- [The task] Copy the lines word for word. Begin at the line that contains "Simply Taupe Waffle" and end with the final line of the data.

(Recorded data)
==*==

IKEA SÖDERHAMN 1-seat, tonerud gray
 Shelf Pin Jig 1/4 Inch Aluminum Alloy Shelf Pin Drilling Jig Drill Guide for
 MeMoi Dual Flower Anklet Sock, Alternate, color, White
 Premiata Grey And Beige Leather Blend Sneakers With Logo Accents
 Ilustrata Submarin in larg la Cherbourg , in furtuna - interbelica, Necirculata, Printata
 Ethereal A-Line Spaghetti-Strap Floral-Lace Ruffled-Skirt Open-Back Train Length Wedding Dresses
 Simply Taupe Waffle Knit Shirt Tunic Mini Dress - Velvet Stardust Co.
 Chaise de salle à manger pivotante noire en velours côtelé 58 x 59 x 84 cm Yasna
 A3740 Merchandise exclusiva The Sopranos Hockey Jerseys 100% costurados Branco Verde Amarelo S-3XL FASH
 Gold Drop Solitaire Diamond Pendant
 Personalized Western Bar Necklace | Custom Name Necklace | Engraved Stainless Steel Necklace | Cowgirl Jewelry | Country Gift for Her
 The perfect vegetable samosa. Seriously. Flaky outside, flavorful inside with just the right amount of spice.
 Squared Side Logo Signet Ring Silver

==*==

- [Response below]
 Simply Taupe Waffle Knit Shirt Tunic Mini Dress - Velvet Stardust Co.
 Chaise de salle à manger pivotante noire en velours côtelé 58 x 59 x 84 cm Yasna
 A3740 Merchandise exclusiva The Sopranos Hockey Jerseys 100% costurados Branco Verde Amarelo S-3XL FASH
 Gold Drop Solitaire Diamond Pendant
 Personalized Western Bar Necklace | Custom Name Necklace | Engraved Stainless Steel Necklace | Cowgirl Jewelry | Country Gift for Her
 The perfect vegetable samosa. Seriously. Flaky outside, flavorful inside with just the right amount of spice.
 Squared Side Logo Signet Ring Silver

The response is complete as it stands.